Everything seemed in place. There was no water entering the hull anywhere and we were floating. We put some fenders on and attached spring lines. We were able to get back to the wharf by just walking over the piece of ice that had just popped up.
Even though we are now floating in our little corner of the world it will not be before the end of this month that Cambridge Bay will clear of ice and we would not expect, judging by the Canadian 2005 Seasonal Ice Report that was released last month, to be on our way eastward into the centre of the North West Passage until between the 23rd to 26th of August. The below photo shows us floating on our lines again but also all the ice that still has yet to melt.
So far the only damage due to ice that we have found is a split accumulator tank that is used to even out the fresh water pressure.
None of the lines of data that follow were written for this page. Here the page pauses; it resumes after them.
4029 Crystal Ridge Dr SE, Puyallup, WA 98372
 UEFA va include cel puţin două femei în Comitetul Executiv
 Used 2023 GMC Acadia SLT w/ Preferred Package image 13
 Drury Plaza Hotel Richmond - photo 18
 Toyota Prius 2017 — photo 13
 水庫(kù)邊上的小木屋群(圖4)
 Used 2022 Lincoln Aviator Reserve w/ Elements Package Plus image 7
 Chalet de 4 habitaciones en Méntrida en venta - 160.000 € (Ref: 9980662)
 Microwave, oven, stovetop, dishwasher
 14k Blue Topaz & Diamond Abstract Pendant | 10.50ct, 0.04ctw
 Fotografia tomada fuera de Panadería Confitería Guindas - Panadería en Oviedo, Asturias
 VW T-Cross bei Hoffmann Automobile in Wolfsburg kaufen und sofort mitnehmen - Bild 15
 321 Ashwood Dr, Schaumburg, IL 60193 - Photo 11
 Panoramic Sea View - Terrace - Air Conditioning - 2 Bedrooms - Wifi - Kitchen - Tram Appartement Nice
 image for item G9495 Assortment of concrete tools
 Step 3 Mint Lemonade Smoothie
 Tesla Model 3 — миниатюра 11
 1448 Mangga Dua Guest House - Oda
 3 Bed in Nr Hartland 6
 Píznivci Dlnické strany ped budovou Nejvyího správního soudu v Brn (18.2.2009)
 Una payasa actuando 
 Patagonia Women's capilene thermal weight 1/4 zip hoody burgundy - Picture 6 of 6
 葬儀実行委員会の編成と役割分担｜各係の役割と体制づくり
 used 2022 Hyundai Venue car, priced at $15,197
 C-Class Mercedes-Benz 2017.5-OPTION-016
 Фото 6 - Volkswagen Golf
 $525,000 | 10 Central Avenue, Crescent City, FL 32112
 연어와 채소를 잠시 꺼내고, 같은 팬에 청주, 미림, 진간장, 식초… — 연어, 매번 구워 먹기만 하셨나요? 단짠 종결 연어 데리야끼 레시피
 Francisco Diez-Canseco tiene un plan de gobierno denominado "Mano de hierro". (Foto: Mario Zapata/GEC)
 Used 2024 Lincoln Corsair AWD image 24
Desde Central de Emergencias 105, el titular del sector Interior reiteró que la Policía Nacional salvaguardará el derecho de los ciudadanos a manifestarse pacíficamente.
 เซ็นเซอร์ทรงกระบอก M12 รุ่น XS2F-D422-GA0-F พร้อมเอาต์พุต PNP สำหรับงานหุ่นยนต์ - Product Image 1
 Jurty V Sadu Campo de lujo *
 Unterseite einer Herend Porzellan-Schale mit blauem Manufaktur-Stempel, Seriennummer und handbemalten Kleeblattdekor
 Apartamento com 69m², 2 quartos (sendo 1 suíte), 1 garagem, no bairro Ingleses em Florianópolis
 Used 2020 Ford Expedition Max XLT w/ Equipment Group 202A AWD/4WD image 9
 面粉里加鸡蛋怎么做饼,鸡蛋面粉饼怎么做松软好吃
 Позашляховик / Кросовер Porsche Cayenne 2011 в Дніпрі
We had considered removing it (it has no drain plug) but in the end decided that as it operates with a rubber diaphragm the water should have room to expand as it changed to ice. It was a wrong choice but we have contacted the manufactures in California and they are shipping us up a new one. We have tested the engine which started on the second revolution, the head is working after replacing a diaphragm in that system from spares we had on board, we have given her a good scrub down and removed the sails from the lazarette and given them a wash and thorough dry. When the Bay starts to clear of ice we will be able to go for a trial run and hoist the sails once again.
So until then, thank you one and all for all the emails, letters and care packages that we received through the winter months. The experience of being able to spend a full year in the Arctic, from 24 hr darkness to as it is now, 24 hr sunlight, has been rewarding beyond measure.
You may have noticed the sunny day in the photos above. Also that Liz is in capri pants and Phil is in shorts. The day was 14 degrees, the warmest day for 12 months. So before we go here's something to remind you of what it was like here only six weeks ago. I'm not too sure whether it is our age or not but the seasons sure seem to be going around faster and faster these days.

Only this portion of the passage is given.